**Task to complete**
Go through the listing below and write out exactly the lines from the one that mentions "SPLAT HERBAL COMPLEXCOMPLEX" through the one that mentions "Cedar Rapids Revival Meeting", minus the pictures.

**Extracted records**
******
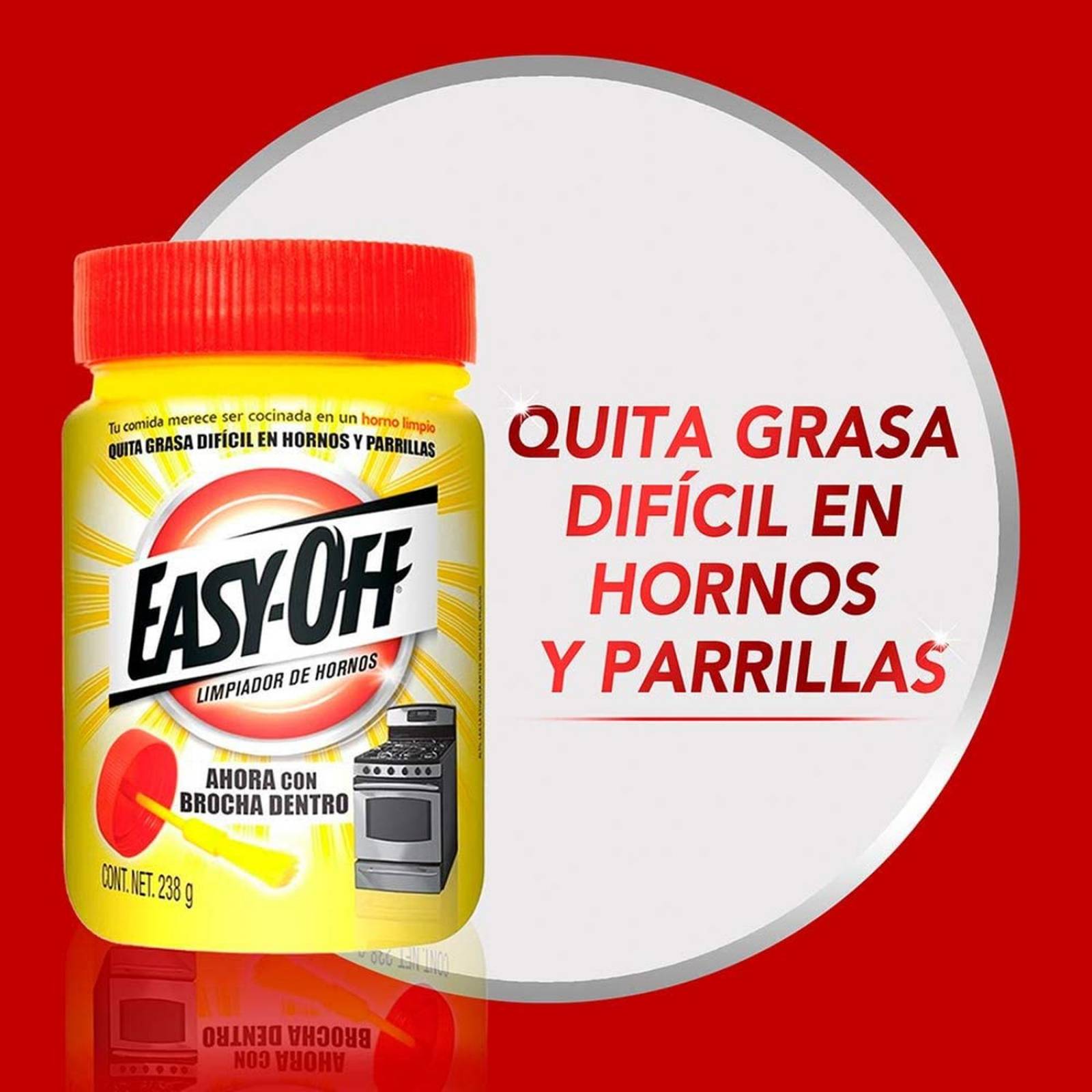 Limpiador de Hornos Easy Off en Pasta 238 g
******
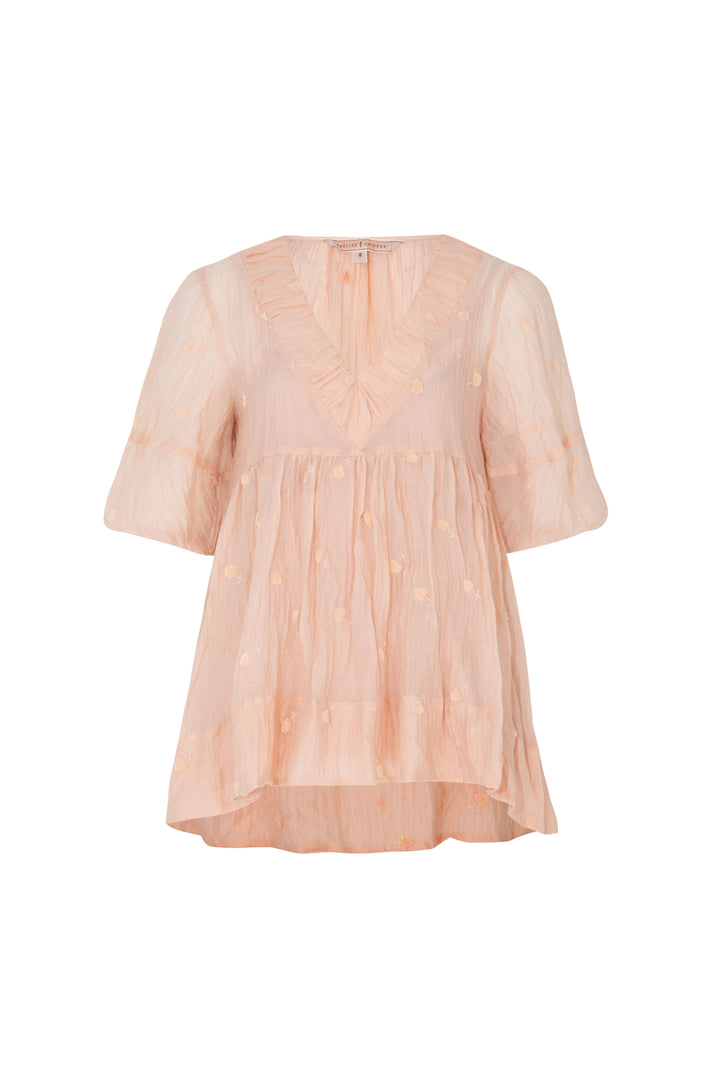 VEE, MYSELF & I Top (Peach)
******
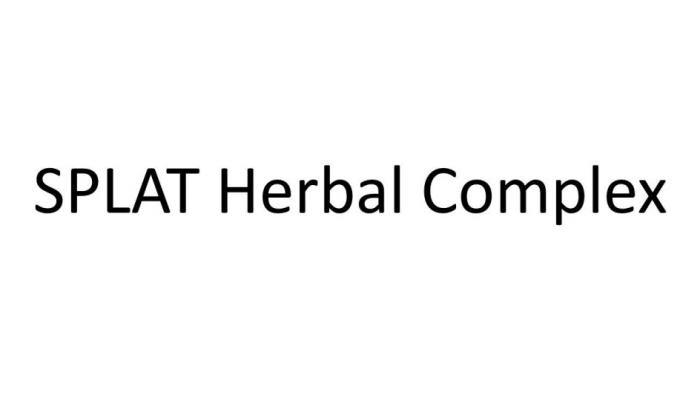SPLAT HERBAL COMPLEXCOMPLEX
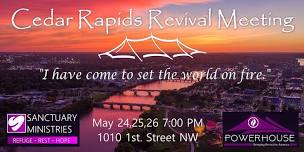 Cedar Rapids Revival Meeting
******
**Expected output**
SPLAT HERBAL COMPLEXCOMPLEX
 Cedar Rapids Revival Meeting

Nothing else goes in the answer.